The main aim of the English++ book is an attempt to bridge the gap between students’ needs and teachers’ competences in the area of English for computer science by offering, among other things, a selection of texts suitable for students at their level of professional development. The unique feature of this book is the fact that the texts have been selected and the exercises prepared by future experts in the field – a group of 3rd year computer science students working under the supervision of their English teacher - with the purpose of facilitating the study of a foreign language in a subject specific context.
Who the book is intended for
This book has been aimed at two kinds of users. One is computer science students whose general competence in English is at least at upper intermediate level (B2 level according to Common European Framework of Reference). They can use the book for self-study or in the classroom with the assistance of a teacher. The second kind of user is the teacher, who can use a given text as a starting point for creating their own activities in the classroom or simply follow the exercises suggested in the book. Both groups of users can benefit additionally by becoming more familiar with various aspects of the broad field of computer science.
The contents of the book
The book is divided into three chapters. The first contains authentic reading material; the second listening material; and the third deals with the difficult task of delivering an oral presentation. At the end of the book there are appendixes and a glossary. The second chapter and the appendixes are accompanied by audio material.

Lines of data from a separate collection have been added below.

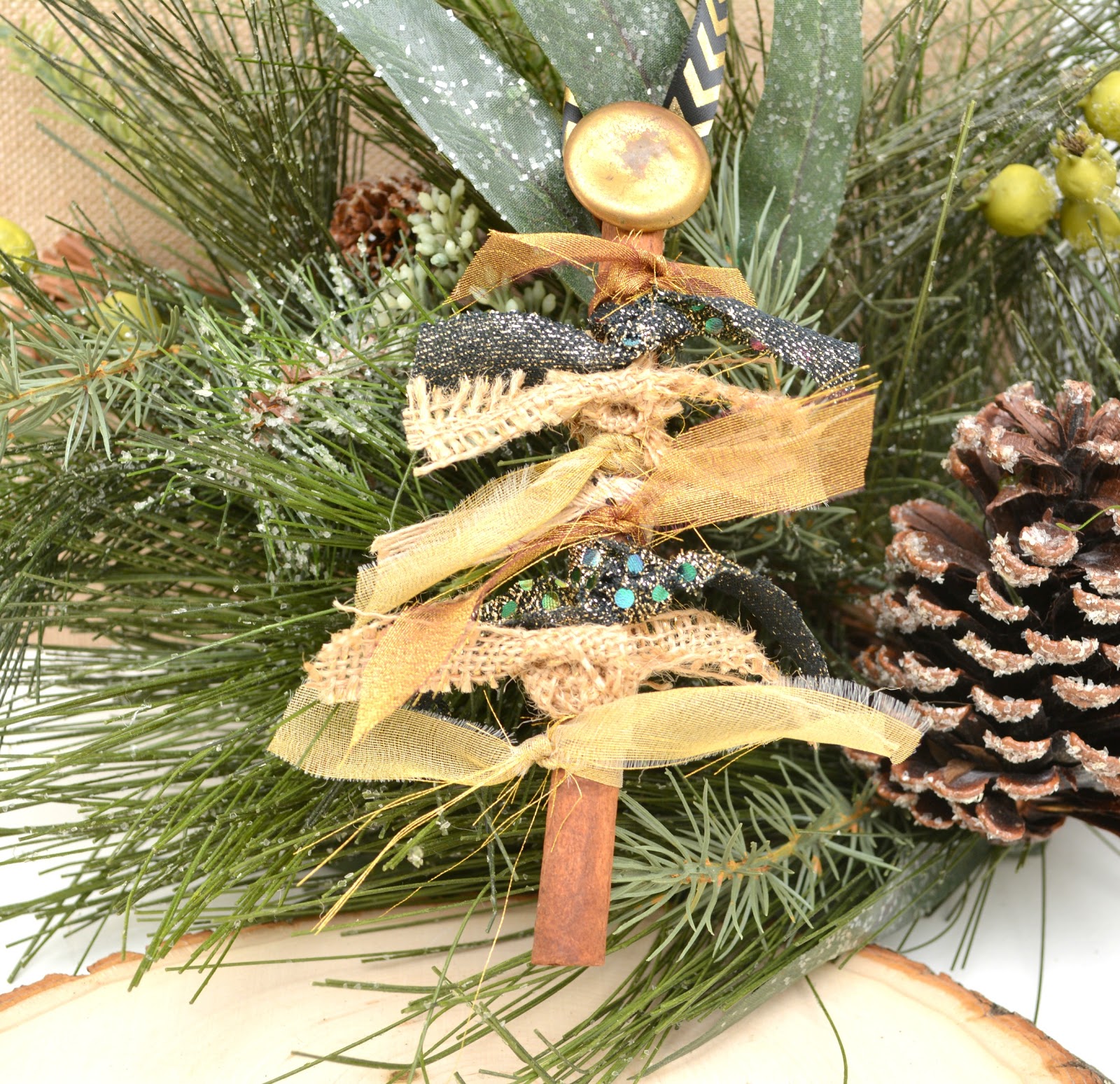 Life With 4 Boys: Cinnamon Stick Cloth Christmas Tree Ornament #DIY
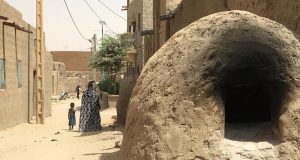 Mali: les jihadistes du Jnim allègent le blocus de Tombouctou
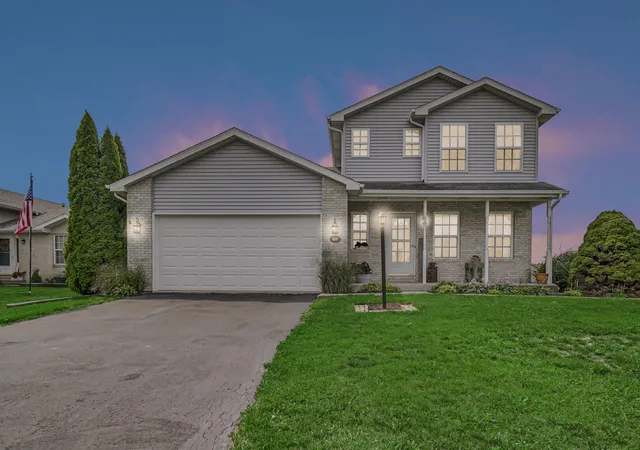 Photo 2 of Single family home for sale at 8547 E 123rd Place, Crown Point, IN 46307 | MLS# 843568 | Listing updated on 2026-09-22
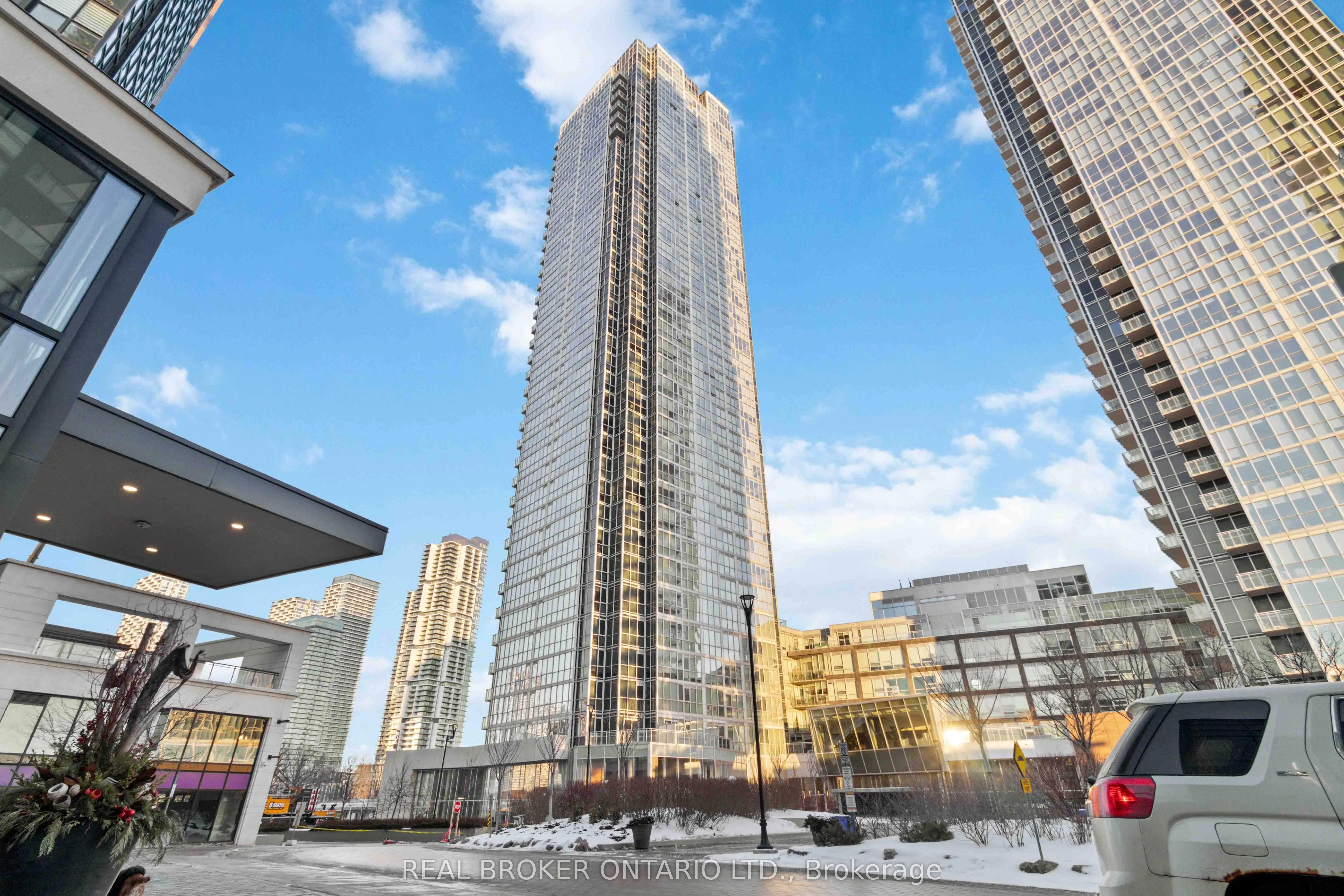 Condo Apartment in Vaughan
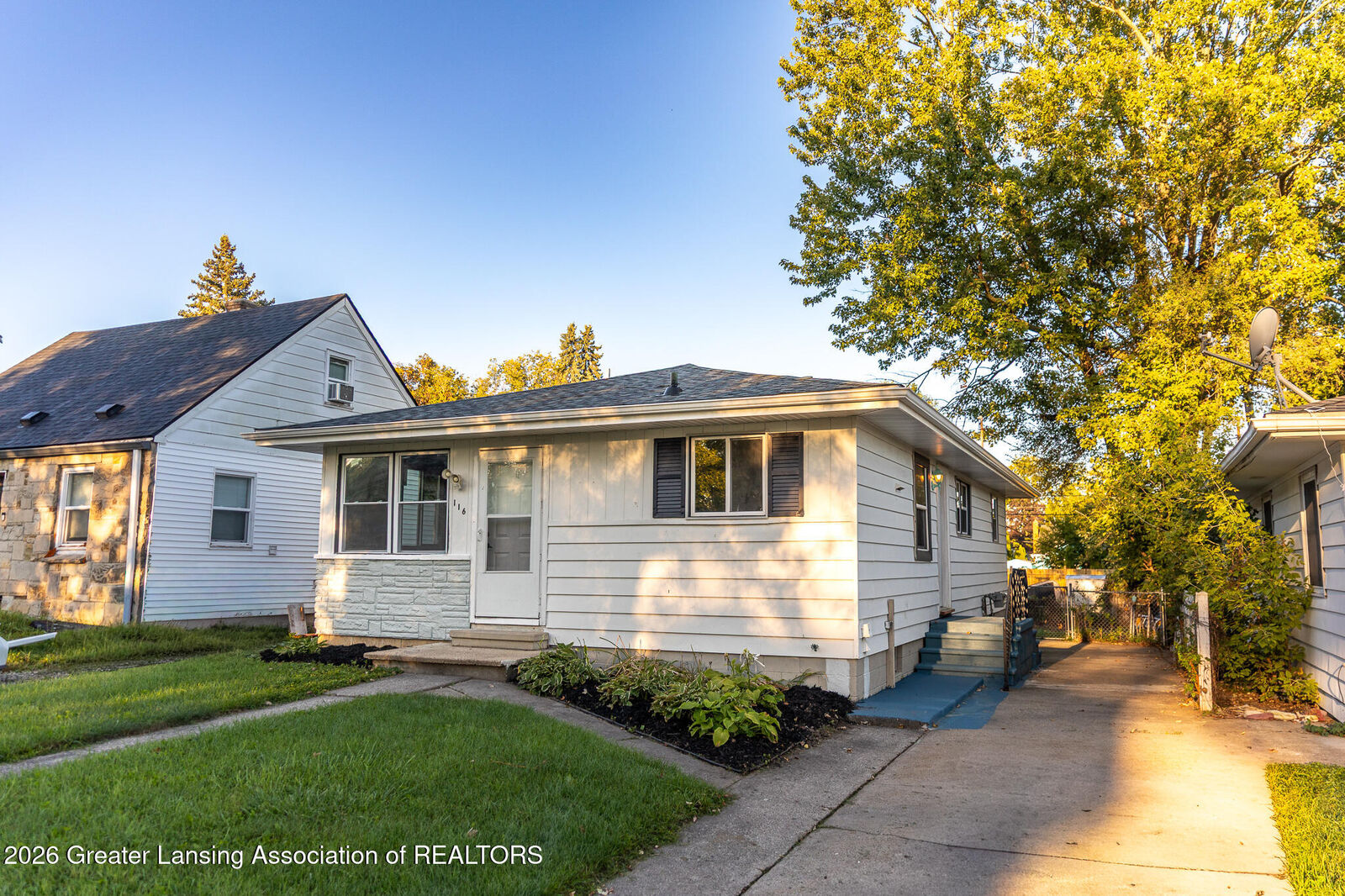 Property Photo:  116 S Hathaway  MI 48917 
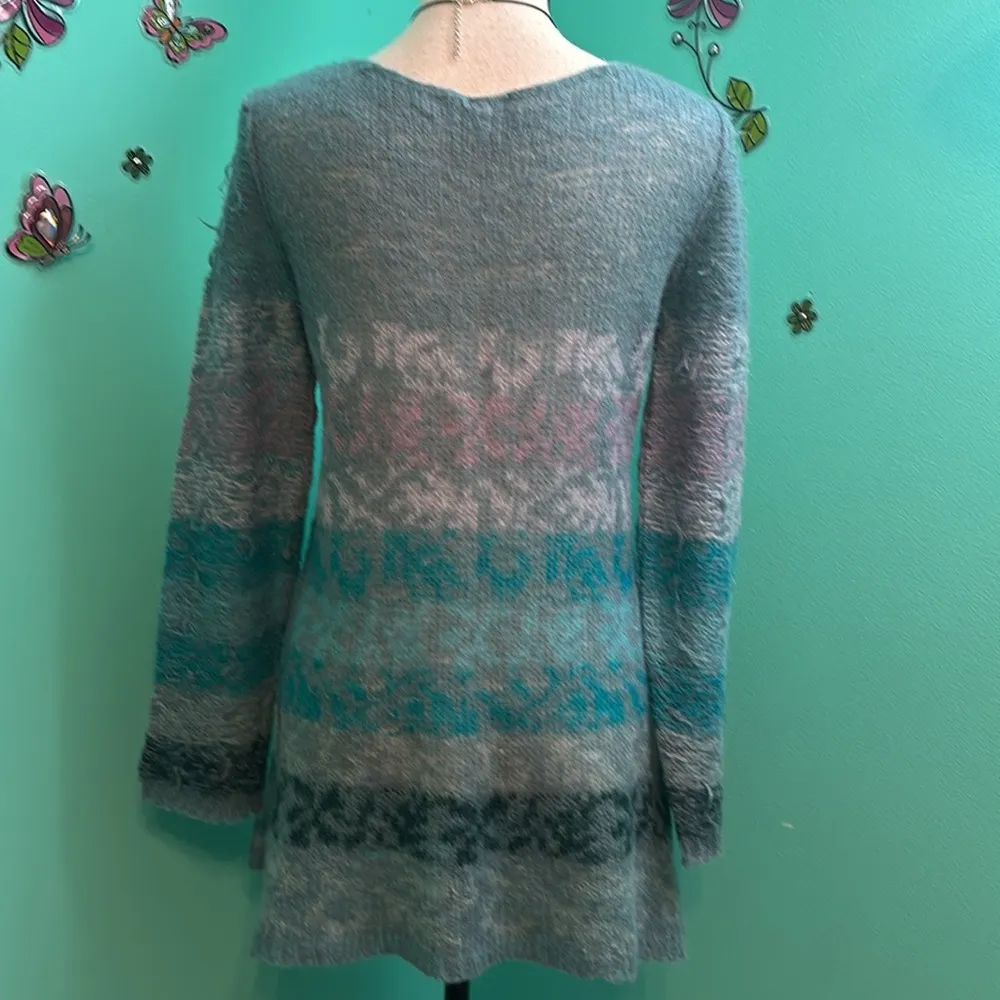 FREE PEOPLE Blue Ombre Stripe V-neck Pullover Sweater - Image 7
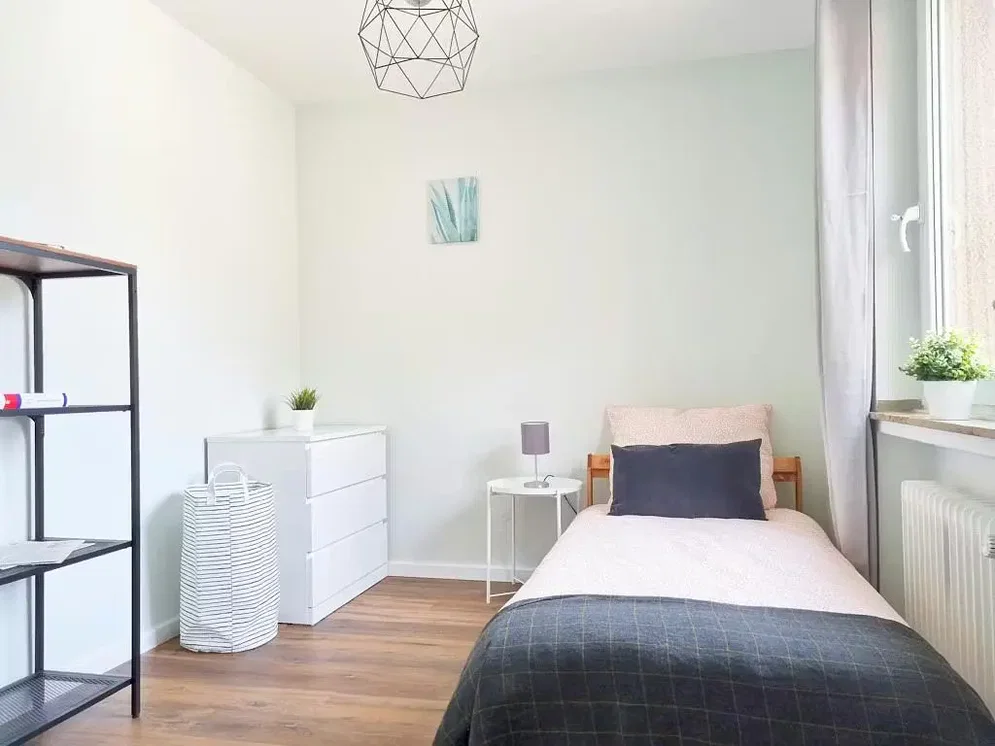 Chambre; parquet, lumière naturelle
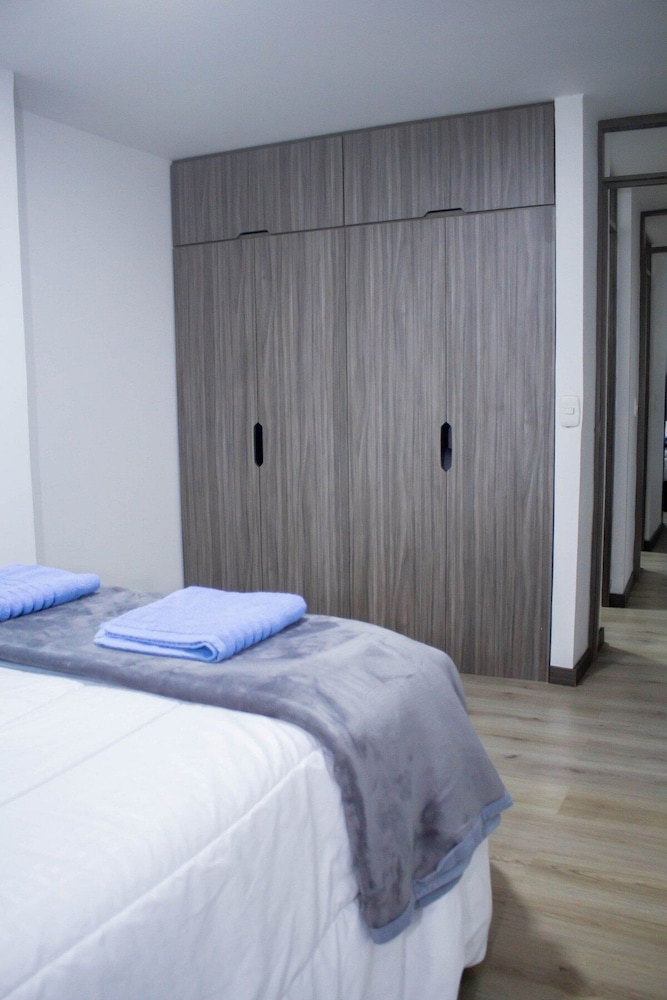 Apartment photo 1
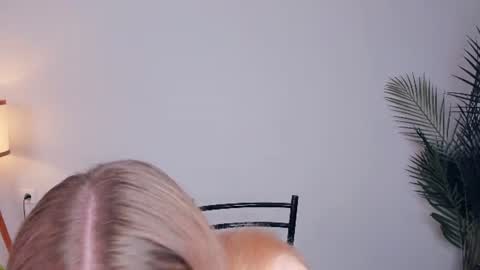 Cristas online show from 07/26/26, 10:33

1) Reading Chapter Each reading text in this chapter is presented in the following sections:
a) Information on the reading text: This section contains ‘technical’ information on a reading text, such as the IT sub-areas the article covers; the length of a text expressed in the number of words; the level of English language complexity; the computer science or maths content; summaries in English and Polish; keywords with their definitions; and learning objectives. This part has been designed to help teachers and students decide on text selection. The evaluation of the English difficulty level and subject matter complexity was provided by the students.
b) Pre-reading questions: This section has been designed to encourage the reader to think about the topic which will be discussed in a given text. The pre–reading questions are designed to provoke an exchange of opinions or a short discussion. Some of them are accompanied by suggested answers provided in the Exercises Section.
c) Text: This section contains the entire text of an original article, or, as is the case with several articles, just excerpts. The remaining parts are located in the e-version of the book. The texts, which have been selected for their intrinsic interest, vary in length and may therefore be suitable for either intensive or extensive reading or for practicing reading skills.
d) Exercises: The first part of this section contains pre-reading questions, this time accompanied by suggested answers, followed by comprehension questions, also with answers. This will be useful for both the self-study learner and the teacher in the classroom. We believe that providing the suggested answers just after the text and not at the end of the book or in another book will make the teacher’s life just that bit easier.
2)Listening Chapter The organization of the listening chapter is similar to that of the reading chapter and contains the following sections:
a) Information on the listening text Instead of the word count, the running time of the recording is provided. The level of listening difficulty is also given, as evaluated by the students.
b) Pre-listening questions These questions should help students focus their attention and predict the content of the listening material. They may also provoke a brief exchange of views.
c) Transcript This can be particularly useful when the listening material has been evaluated as difficult, which is expressed by medium or high English complexity, and/or when the computer science content is high.
d) Exercises They have been designed by the students and can be used as a starting point for the teacher to prepare his/her own exercises. A set of mp3's of the recordings selected by the students of the English++ team is available to accompany the listening chapter.
3) Presentation Chapter The third chapter is devoted to the development of students’ presentation skills. It contains the following sections:
a) Practical tips This part contains practical information on how to prepare an oral presentation andmake it effective. Here the reader will find information about the preparatory phase, doing a dress rehearsal and using visual aids.
b) Repertoire of presentation phrases Contains a selection of ready-to-use presentation phrases which can be integrated into different parts of an oral presentation to make it a coherent entity.
c) Slide show: “Successful Presentations. A Few Tips from Eng lish++”, demonstrating examples of both well done and less successful presentations. It simply presents a practical application of selected presentation phrases taken from the previous section of this chapter and features students from the English++ team, who additionally wanted to show what a presentation should not look like.
4) Appendixes The appendixes contain material for pronunciation practice. The three appendixes A, B and C contain mathematical terminology, mathematical formulas and the Greek alphabet respectively. The material can be used for self-study or in the classroom to practise field-related language.
5) Keyword bank The keyword bank contains entries for the keywords which have been selected from the reading texts and listening transcripts of the English++ book. The definitions were provided by the students.